It began with forgetfulness. I put some eggs on the stove to boil, went downstairs to my office to answer emails, which led me to look up a website which gave me an idea and I started making notes. I smelled something peculiar, like burning plastic, and wondered if it was the computer overheating. A half hour later, I got up to get some water and remembered, the eggs! I raced up the stairs and found the rooms filled with smoke so thick it was hard to see. The eggs had exploded and the pot was a lump of hard black tar.

Cleaning up the mess, I opened all the doors and windows, hoping that cross drafts would carry away the smoke. I opened the garage and the door that led from the garage to the kitchen.

I walked back downstairs, brushed my teeth, sat in the hot tub (outside in the dark!), then started turning out lights and closing windows and doors.

I was heading upstairs when I heard a shuffling noise. One of the neighbors' dogs must have wandered into the house. Then I froze. That was no dog! It was a bear, dark brown, with his rump to me as he padded down the hall between the living room and kitchen. He was at least four feet high on all fours.

"Get out of here!" I screamed, raced down the stairs and into my bedroom. What should I do? Call a neighbor? It's one in the morning. Then I thought of 911, grabbed the phone and called it for the first time in my life.

Officer Donovan answered, sent out an alert and said he'd stay on the phone with me until police arrived. I was hyperventilating. "How long will that take?"

"Not long, they're rolling now," he said. My cat! I realized she was outside the closet, but each time I opened it and tried to coax her in, she scampered away.

Donovan said, "I have one arrival." One officer was now outside my house but he couldn't come in alone, he had to wait for backup. Hurry! I thought.

"Can you hear the bear?" Donovan asked.

"No. Maybe he's gone," I said.

"The officers will assume he's in there. Don't move from the closet. They'll come in with guns drawn."

I was starting to calm down; the cavalry had arrived. I could even laugh when Donovan made a funny statement.

"Second arrival," he said. "Stay where you are, Sara."

I heard the officers moving around overhead. Then they were outside my bedroom door. I hung up with Donovan and practically fell into their arms. "The bear's not here," they said. They had pistols, long rifles strapped to them and enough ammo to flush out a Taliban nest.

The youngest officer said to me, "I don't do bears. Criminals, bad guys, no problem. But we don't expect to find bears in residences." He shook his head and kept repeating, "I don't do bears."

For a second I imagined what might have happened if the bear had dallied. Gun shots, blood, ursine diarrhea and the brown behemoth splayed on my hardwood floor. We went back upstairs and saw that the bear had knocked over the garbage cans in the kitchen and garage and rummaged through them.

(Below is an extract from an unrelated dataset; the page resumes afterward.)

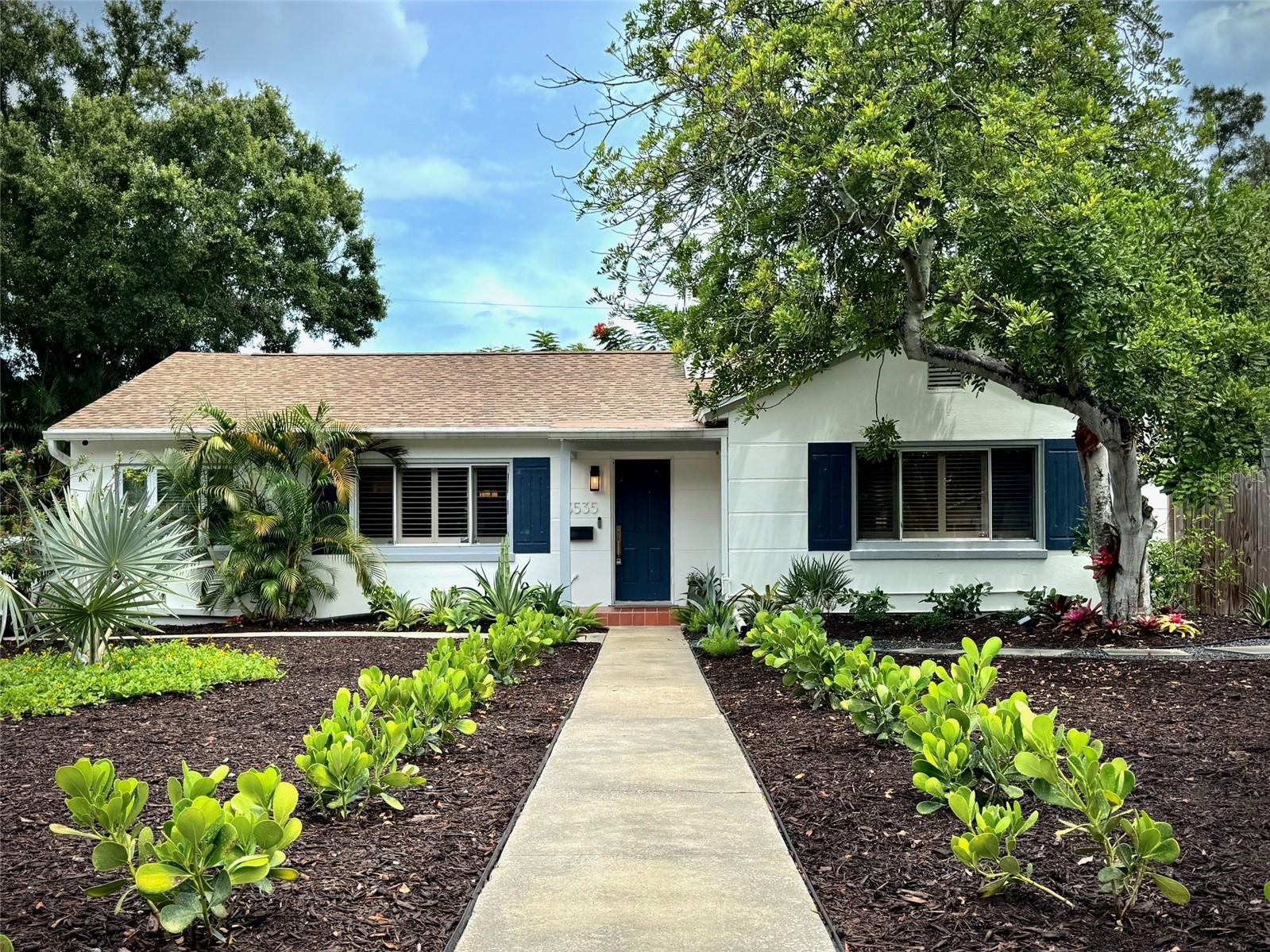 Found in the quiet, leafy streets of northeast St Pete is a crisp, spacious and beautifully appointed home for lease. Front to back and top to bottom, you'll notice this isn't just a rental house, but a well-cared for home. The property is not in a flood zone, is made with concrete block construction, and sits on an oversized 7501 sqft lot. Enjoy gorgeous landscaping, updated fixtures, high-end appliances, oversized front and back yards, crown molding, plantation shutters, and plenty of off-street parking. Through the covered entry-way, find a generous living space, French doors into your bonus office space, dedicated dining off of the large, handsome kitchen, three ample-sized bedrooms, and a newly updated bathroom. Through the double glass doors off of your kitchen/dining area is a courtyard-like setting with native and drought-tolerant landscaping. Also find a one-car garage with newer laundry machines and a paved space with enough room for leisure activites and projects alike. Showings begin Saturday 8/16, ready for move-in beginning 9/15. First month's rent and security deposit due at lease signing. Well qualified applicants only, please!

"He didn't stay long," the young officer said, "or he would have clawed opened the refrigerator. You probably scared him off."

By now there were four squad cards with lights flashing outside my house. I couldn't sleep after they all left. Adrenaline was pounding through me. As it happens, the next morning was my day to spend with Reb Zalman, a rabbi with whom I'm working on a book, The December Work.

We'd been talking about the need to reset one's course in life at key times. When I told him a bear had entered my house the night before, he gave a playful smile. "The bear is a symbol."

Of what? I asked. Brute strength? Resurrection or reinvention, because it hibernates?

Reb Zalman said his wife was told by Native American women that if you run into a bear, you should expose your breasts and the bear will flee. As if I would stand there and try that!

Later in the day I had a call from a ranger with the Colorado Division of Wildlife, who suggested I buy bear pepper spray called "Counter Assault" that was developed for grizzlies in Alaska.

Or I could get a small boat horn, in case the bear returns. The best thing, he said, is to keep your doors and windows closed and don't have attractants around, like garbage outside or bird feeders. He said they could set a trap by my house, but if a bear got caught, he would die. "Think about it," Rick said. Right. People in Colorado don't like to kill bears.

Should I order the boat horn or the bear spray?